# Limit cycles

• Dec 2nd 2011, 12:11 PM
Darkprince
Limit cycles
Whenever I say ... dot I mean the derivative of ...

I have to show that the system of Ordinary Diff. Eqns

x (dot) = y + x* f(r) / r
y (dot) = -x + y * f(r)/r

r=sqrt(x^2+y^2)

has limit cycles and the limit cycles have radius which correspond to the zeros of f(r)

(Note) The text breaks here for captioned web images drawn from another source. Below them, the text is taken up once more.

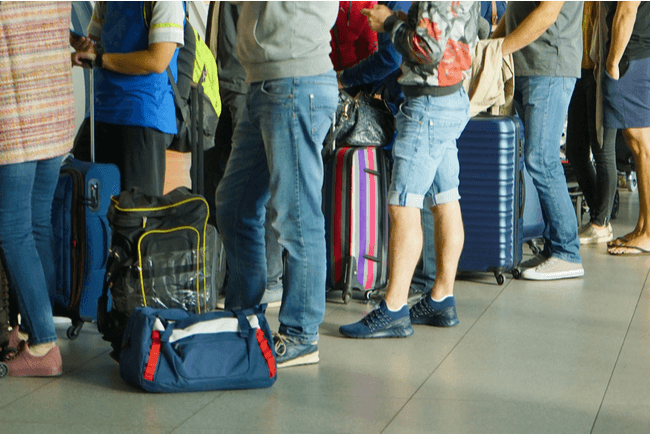Travel Agent Airport Delays Delay 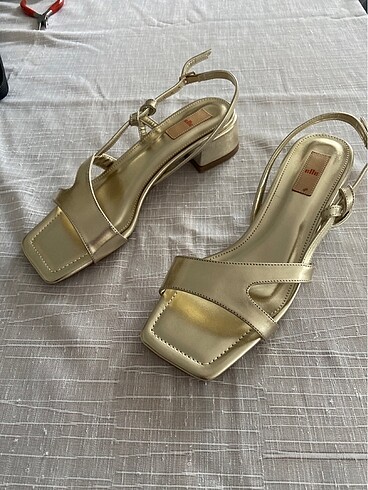 Elle sandalet 38 no - Görsel 5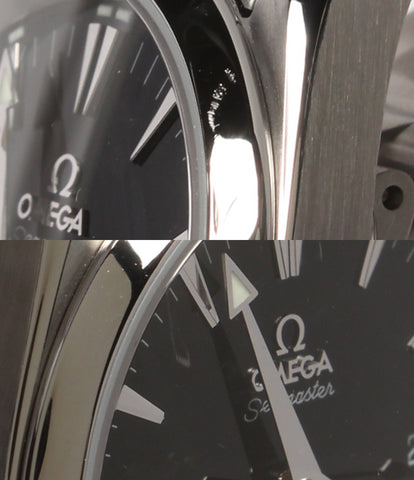 オメガ  腕時計 シーマスター  自動巻き ブラック  メンズ   OMEGA
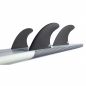 Preview: ROAM Thruster Fin Set Allround Med two tab black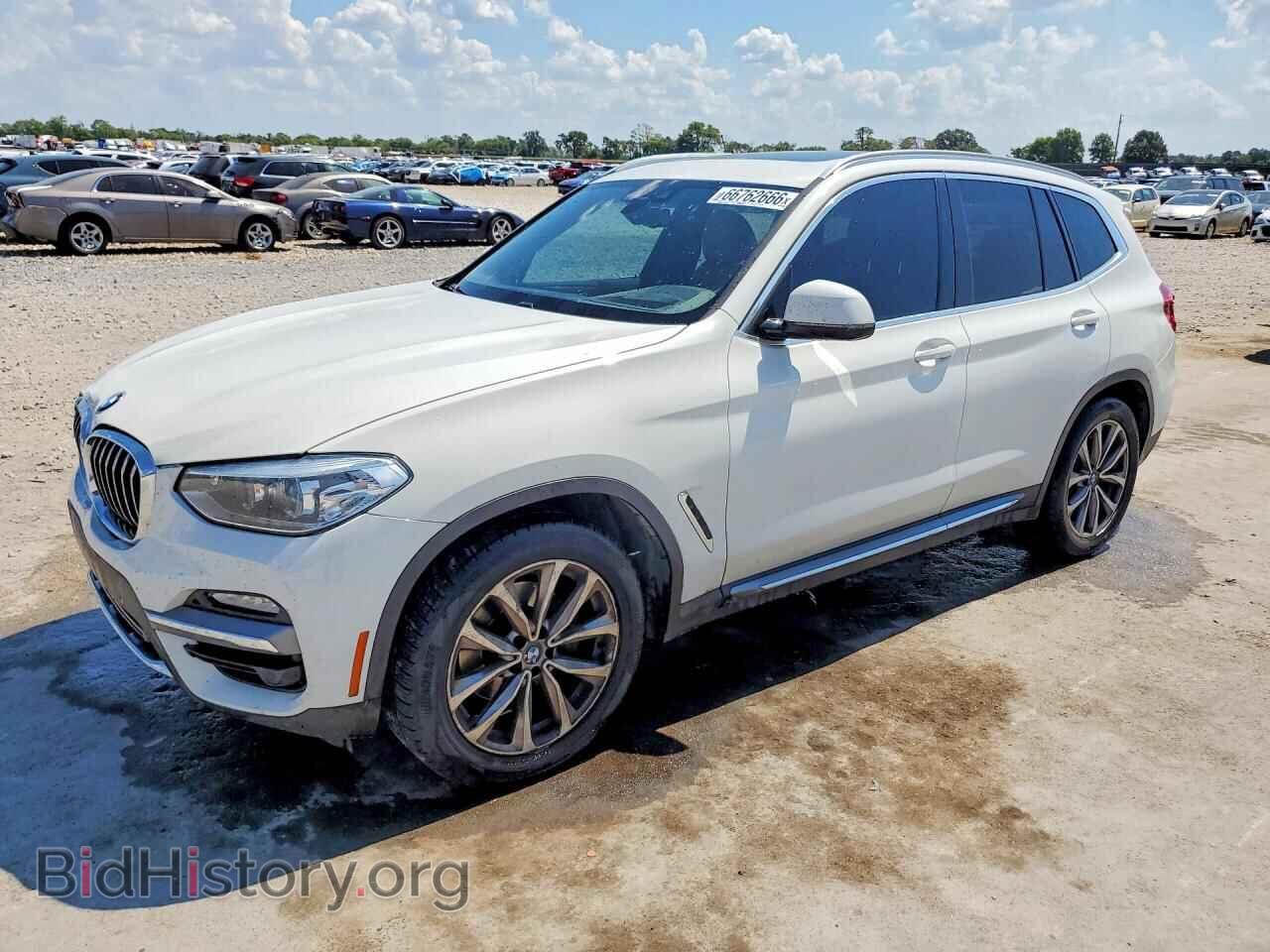 Photo 5UXTR7C52KLF37202 - BMW X3 2019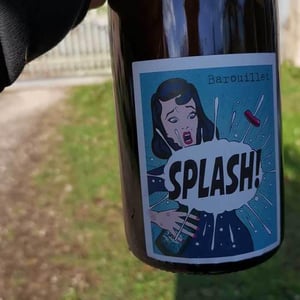 Château Barouillet - Vincent Alexis - Splash!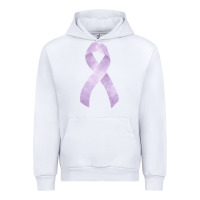White testicular cancer ribbon fa element Urban Hoodie - FaDigitalArtStudio
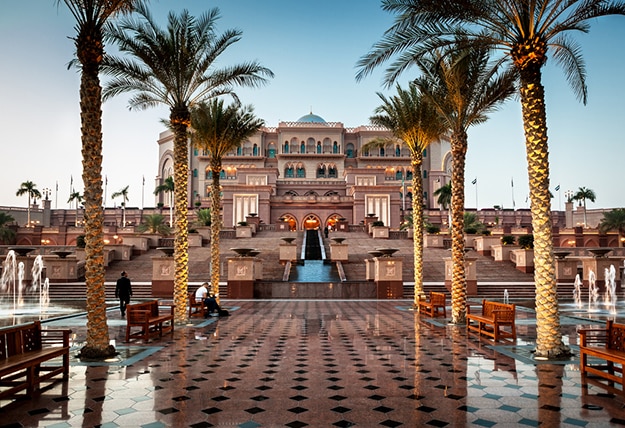 Abu Dhabi photo 7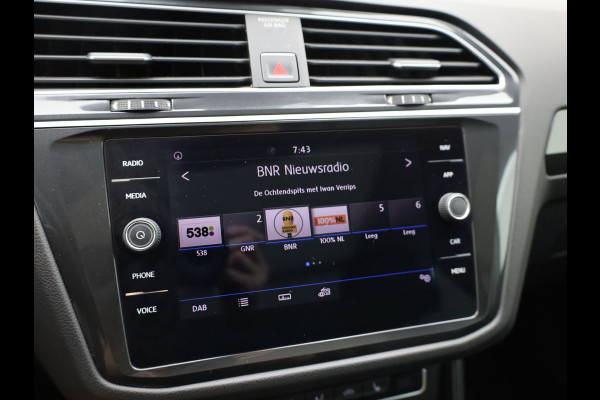 Volkswagen Tiguan 1.4 TSI ACT 150Pk DSG R-Line | Pano | Leder | Memory Seat | Trekhaak wegkl. | 360 Camera | Prijs Rijklaar!!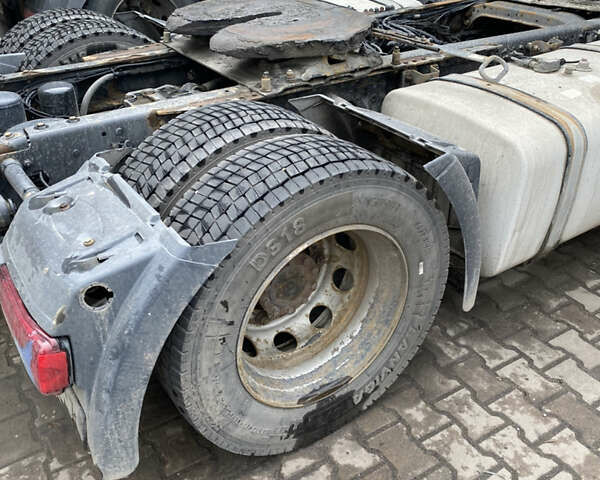 Белый МАН ТГКС, объемом двигателя 12.42 л и пробегом 890 тыс. км за 14800 $, фото 5 на Automoto.ua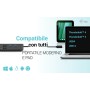 i-tec USB-C HDMI Dual DP Docking Station with Power Delivery 100 W (C31TRIPLE4KDOCKPDPRO)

Also I have to find the direction of motion on the limit cycles.

My workings:

I first found the nullclines.

C(x): y + x* f(r) / r =0 and C(y): -x + y * f(r)/r =0 implies that x=y*f(r) / r

Substituting into C(x) we get that the system has an equilibrium point at
(y * f(r) / r, 0)

Then we consider polar coordinates. Using r^2=x^2 + y^2

Then differentiate to obtain that r dot = (f(r) / r^2 ) * (2x^2 + 2y^2)

Now if 2x^2 + 2y^2 = 0 => r dot = 0

if 2x^2 + 2y^2 > 0 => r dot >0

Now I have to find C1 and C2 s.t they bound a region R that contains no equilibrium points and trap all trajectories so I can use Poincaré–Bendixson theorem to show that there exists a limit cycle.

Any help would be greatly appreciated!

Thank you!
• Dec 3rd 2011, 07:05 PM
Jester
Re: Limit cycles
What is $f(r)?$
• Dec 4th 2011, 02:51 AM
Darkprince
Re: Limit cycles
Quote:

Originally Posted by Danny
What is $f(r)?$

I am not given f(r) at this point, I am given f(r) at a later point, so I have to deduce generally first.
• Dec 6th 2011, 03:30 PM
Darkprince
Re: Limit cycles
Ok, I figured them all out, thank you though :)
• Dec 6th 2011, 03:37 PM
Jester
Re: Limit cycles
Quote:

Originally Posted by Darkprince
Using polar coordinates: x=rcosf, y=rsinf

You don't want to do this. What you what is

$x = r \cos \theta,\;\;\;y = r \sin \theta$.

$f(r)$ is a separate issue
• Dec 6th 2011, 03:56 PM
Darkprince
Re: Limit cycles
Quote:

Originally Posted by Danny
You don't want to do this. What you what is

$x = r \cos \theta,\;\;\;y = r \sin \theta$.

$f(r)$ is a separate issue

What do you mean? When writing f I was meaning theta.
Are my workings not correct?
• Dec 7th 2011, 05:51 AM
Darkprince
Re: Limit cycles
Ok, I figured them all, thank you!